## WHAT IS NEEDED
Everything below from the line with "Fisher price imaginext" through the line with "Osada Na Budzowskim" must be retyped exactly, except the pictures.

Top of RECORDS TO PROCESS

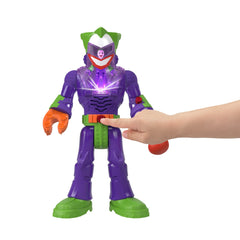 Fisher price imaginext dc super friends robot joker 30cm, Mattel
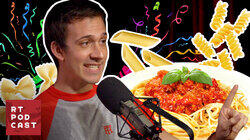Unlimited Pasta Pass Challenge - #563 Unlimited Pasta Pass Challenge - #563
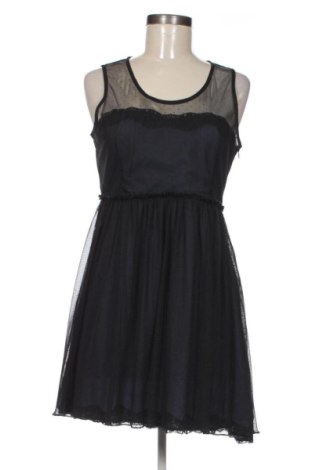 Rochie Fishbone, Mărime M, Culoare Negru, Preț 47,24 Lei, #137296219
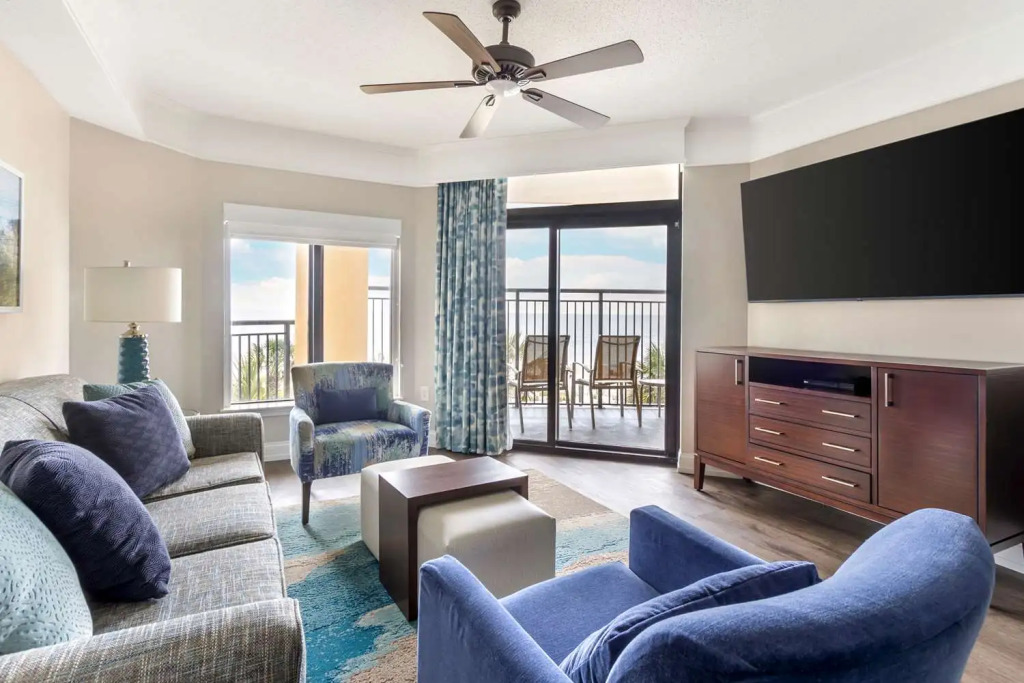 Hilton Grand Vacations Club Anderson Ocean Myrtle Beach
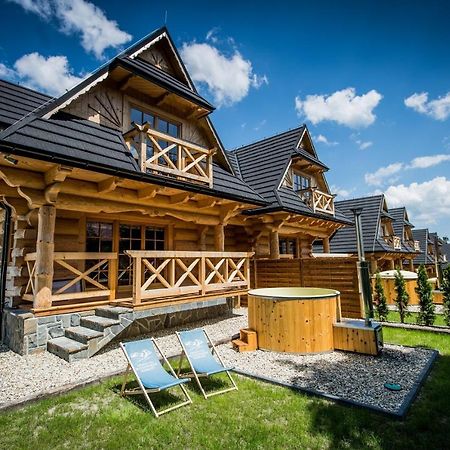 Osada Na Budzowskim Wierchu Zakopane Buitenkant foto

Bottom of RECORDS TO PROCESS
Top of RECORDS TO PROCESS

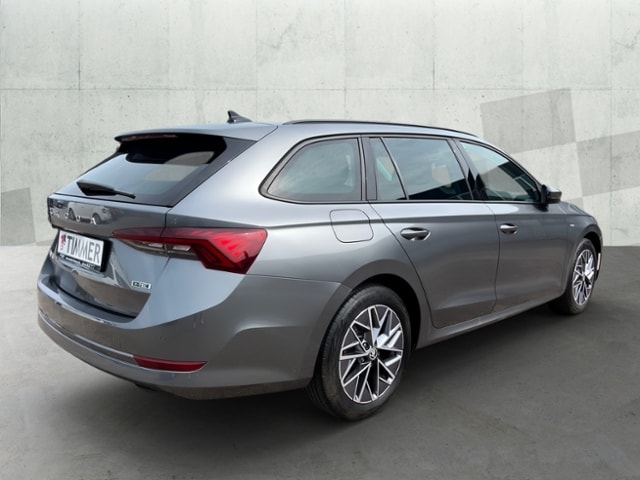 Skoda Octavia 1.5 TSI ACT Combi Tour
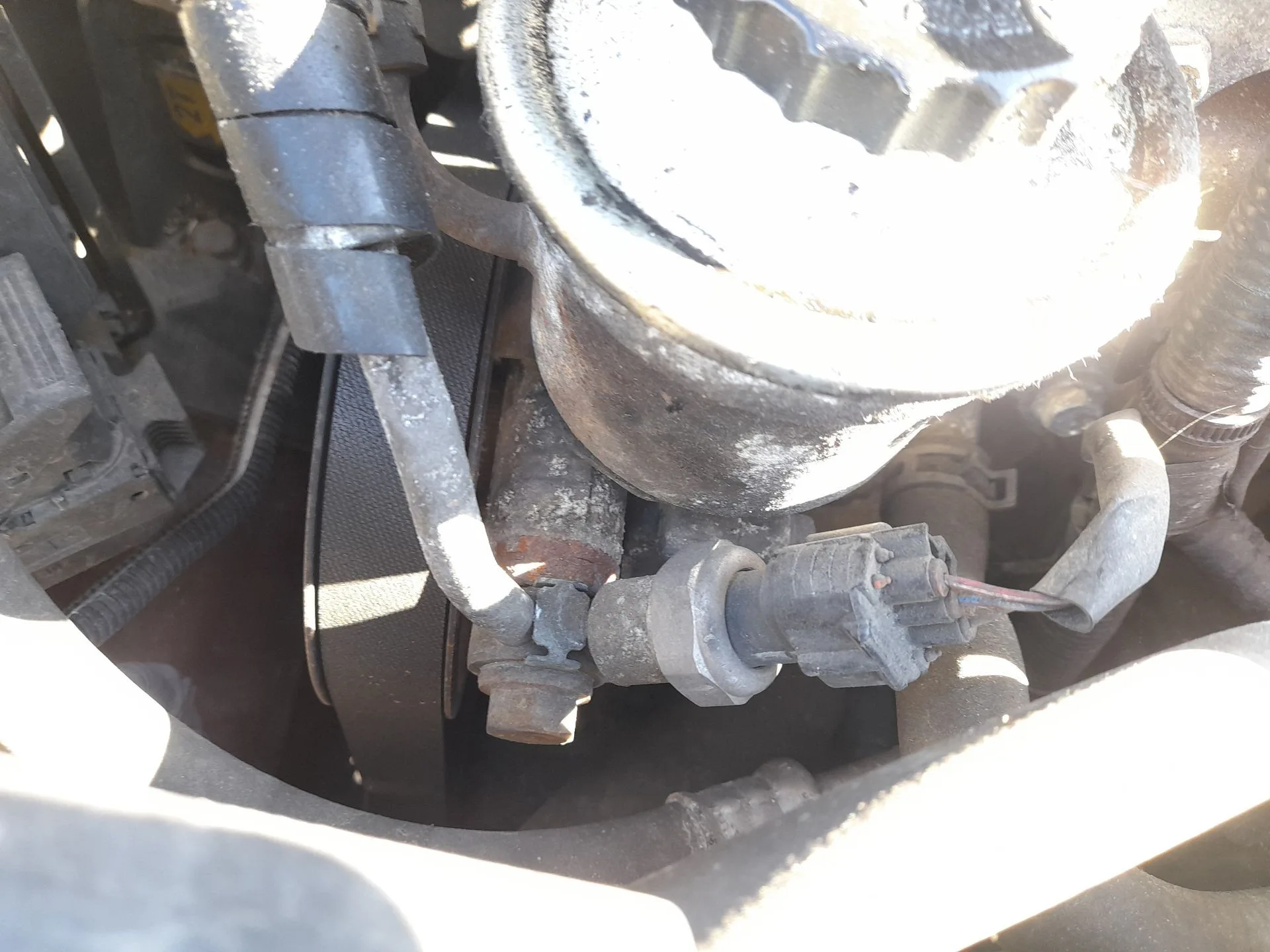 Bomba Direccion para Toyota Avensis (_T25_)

Bottom of RECORDS TO PROCESS

## TASK RESPONSE
 Fisher price imaginext dc super friends robot joker 30cm, Mattel
Unlimited Pasta Pass Challenge - #563 Unlimited Pasta Pass Challenge - #563
 Rochie Fishbone, Mărime M, Culoare Negru, Preț 47,24 Lei, #137296219
 Hilton Grand Vacations Club Anderson Ocean Myrtle Beach
 Osada Na Budzowskim Wierchu Zakopane Buitenkant foto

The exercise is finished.